Exercise objective | Print the listing below again, exactly. Skip the pictures.

Information supplied |
-----

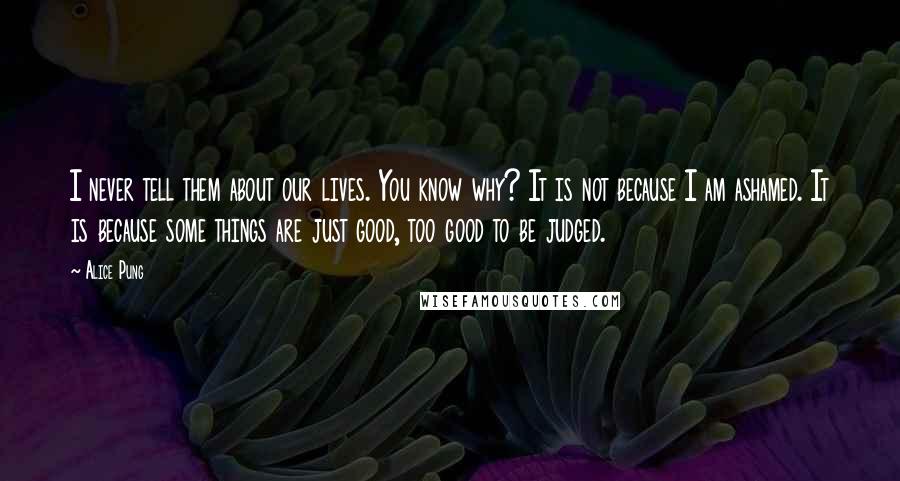 Alice Pung quotes: I never tell them about our lives. You know why? It is not because I am ashamed. It is because some things are just good, too good to be judged.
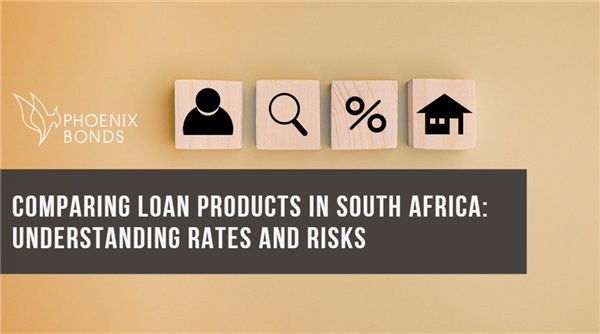Comparing Loan Products in South Africa: Understanding Rates and Risks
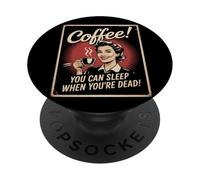 Coffee Sleep When You're Dead funny Caffeine Java PopSockets Adhesive PopGrip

-----

Answer for the task |
 Alice Pung quotes: I never tell them about our lives. You know why? It is not because I am ashamed. It is because some things are just good, too good to be judged.
Comparing Loan Products in South Africa: Understanding Rates and Risks
 Coffee Sleep When You're Dead funny Caffeine Java PopSockets Adhesive PopGrip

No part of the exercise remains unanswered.